## Exercise prompt
Scan the data for "Beach" and copy each matching line.

───

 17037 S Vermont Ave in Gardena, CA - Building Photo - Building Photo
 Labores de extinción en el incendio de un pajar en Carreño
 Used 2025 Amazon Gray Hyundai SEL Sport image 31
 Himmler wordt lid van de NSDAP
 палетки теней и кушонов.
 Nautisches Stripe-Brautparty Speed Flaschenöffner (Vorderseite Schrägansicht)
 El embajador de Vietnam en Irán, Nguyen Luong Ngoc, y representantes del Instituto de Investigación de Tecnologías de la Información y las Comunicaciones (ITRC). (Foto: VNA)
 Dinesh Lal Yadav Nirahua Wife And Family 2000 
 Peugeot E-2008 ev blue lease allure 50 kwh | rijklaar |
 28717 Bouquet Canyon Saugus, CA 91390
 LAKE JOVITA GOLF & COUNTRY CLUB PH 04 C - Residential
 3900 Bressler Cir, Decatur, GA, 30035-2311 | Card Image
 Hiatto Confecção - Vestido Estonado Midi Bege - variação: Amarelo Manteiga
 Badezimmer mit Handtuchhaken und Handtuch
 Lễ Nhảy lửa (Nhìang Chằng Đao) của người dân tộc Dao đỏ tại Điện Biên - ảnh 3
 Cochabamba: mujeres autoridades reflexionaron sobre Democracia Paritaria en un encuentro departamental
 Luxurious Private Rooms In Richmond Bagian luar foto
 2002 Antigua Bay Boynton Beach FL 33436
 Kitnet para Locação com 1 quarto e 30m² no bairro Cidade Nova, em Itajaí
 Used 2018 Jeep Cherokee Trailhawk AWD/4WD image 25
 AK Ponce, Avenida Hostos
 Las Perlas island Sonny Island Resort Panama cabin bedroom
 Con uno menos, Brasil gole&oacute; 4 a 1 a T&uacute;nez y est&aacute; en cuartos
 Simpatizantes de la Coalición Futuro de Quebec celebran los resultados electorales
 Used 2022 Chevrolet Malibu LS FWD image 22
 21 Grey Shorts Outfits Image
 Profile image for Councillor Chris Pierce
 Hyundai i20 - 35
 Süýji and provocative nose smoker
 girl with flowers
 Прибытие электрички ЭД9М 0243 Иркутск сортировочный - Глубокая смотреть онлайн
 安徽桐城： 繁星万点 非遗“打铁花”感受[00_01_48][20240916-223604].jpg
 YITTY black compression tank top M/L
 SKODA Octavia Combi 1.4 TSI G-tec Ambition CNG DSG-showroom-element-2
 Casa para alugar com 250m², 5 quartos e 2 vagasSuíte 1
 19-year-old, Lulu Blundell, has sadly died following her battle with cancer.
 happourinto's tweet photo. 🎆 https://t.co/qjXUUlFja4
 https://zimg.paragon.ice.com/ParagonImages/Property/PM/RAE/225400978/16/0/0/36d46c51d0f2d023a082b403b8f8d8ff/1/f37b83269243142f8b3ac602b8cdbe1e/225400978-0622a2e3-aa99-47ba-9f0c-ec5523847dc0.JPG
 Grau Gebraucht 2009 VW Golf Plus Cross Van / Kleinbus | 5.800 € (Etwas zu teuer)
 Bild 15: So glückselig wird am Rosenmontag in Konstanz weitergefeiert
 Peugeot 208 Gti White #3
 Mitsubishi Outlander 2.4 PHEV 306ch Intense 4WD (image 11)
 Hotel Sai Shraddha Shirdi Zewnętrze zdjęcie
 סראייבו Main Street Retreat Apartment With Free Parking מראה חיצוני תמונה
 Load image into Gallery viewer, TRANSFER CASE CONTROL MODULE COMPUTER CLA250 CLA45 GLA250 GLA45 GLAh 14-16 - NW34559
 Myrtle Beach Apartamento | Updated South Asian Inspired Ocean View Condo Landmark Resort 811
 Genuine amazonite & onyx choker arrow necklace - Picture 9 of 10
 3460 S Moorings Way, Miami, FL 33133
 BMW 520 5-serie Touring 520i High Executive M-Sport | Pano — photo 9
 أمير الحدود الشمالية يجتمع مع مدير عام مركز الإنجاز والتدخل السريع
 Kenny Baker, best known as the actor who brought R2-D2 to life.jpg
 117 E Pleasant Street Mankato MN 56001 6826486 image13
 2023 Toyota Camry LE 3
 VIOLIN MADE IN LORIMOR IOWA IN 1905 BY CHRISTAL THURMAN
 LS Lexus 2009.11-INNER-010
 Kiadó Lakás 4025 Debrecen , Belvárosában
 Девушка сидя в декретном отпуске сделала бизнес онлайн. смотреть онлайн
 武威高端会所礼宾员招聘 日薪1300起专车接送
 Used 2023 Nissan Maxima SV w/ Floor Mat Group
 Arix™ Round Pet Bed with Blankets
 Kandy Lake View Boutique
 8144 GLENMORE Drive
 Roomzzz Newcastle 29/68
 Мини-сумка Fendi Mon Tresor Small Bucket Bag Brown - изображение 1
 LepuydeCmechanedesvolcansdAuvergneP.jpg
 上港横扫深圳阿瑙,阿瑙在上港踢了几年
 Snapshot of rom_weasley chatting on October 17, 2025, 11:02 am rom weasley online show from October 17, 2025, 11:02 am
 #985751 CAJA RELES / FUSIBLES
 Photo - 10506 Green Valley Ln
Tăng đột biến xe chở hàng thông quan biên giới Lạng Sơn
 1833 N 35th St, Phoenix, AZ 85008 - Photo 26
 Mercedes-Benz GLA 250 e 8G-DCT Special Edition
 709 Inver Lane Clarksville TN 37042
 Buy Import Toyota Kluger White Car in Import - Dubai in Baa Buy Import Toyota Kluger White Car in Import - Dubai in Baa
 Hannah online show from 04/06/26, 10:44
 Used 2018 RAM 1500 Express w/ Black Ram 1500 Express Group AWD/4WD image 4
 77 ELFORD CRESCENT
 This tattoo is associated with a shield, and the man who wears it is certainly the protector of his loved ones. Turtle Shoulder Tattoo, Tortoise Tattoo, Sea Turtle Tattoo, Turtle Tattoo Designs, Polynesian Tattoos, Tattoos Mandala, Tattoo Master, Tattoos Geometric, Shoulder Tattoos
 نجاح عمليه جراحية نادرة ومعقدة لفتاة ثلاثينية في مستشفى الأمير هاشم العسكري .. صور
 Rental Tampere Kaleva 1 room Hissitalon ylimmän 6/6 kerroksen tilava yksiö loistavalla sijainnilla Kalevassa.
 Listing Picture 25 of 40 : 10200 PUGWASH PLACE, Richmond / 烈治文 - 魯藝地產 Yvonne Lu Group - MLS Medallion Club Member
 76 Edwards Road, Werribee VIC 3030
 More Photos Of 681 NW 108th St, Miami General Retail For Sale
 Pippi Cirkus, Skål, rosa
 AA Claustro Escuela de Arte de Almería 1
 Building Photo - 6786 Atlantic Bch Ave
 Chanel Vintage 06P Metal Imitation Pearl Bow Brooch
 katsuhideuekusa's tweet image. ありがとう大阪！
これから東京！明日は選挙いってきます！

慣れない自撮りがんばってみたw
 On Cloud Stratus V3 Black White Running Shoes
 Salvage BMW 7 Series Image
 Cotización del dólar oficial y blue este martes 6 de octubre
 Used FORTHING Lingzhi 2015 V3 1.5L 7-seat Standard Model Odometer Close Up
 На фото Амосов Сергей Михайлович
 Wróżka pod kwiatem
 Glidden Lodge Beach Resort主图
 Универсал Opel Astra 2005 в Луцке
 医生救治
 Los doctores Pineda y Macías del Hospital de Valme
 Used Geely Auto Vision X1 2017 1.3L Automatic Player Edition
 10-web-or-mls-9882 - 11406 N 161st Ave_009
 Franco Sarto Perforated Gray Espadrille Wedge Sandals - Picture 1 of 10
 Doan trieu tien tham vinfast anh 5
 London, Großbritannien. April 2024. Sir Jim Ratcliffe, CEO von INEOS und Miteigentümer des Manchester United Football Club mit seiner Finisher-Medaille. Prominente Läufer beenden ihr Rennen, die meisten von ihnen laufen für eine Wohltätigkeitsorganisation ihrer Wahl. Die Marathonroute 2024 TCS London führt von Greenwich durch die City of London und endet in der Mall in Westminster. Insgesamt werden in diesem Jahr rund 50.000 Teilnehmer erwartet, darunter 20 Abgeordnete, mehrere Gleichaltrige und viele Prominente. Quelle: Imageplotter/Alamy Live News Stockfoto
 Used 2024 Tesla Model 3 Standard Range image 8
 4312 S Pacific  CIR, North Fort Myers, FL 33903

───

## Result of this task
 2002 Antigua Bay Boynton Beach FL 33436
 Myrtle Beach Apartamento | Updated South Asian Inspired Ocean View Condo Landmark Resort 811
 Glidden Lodge Beach Resort主图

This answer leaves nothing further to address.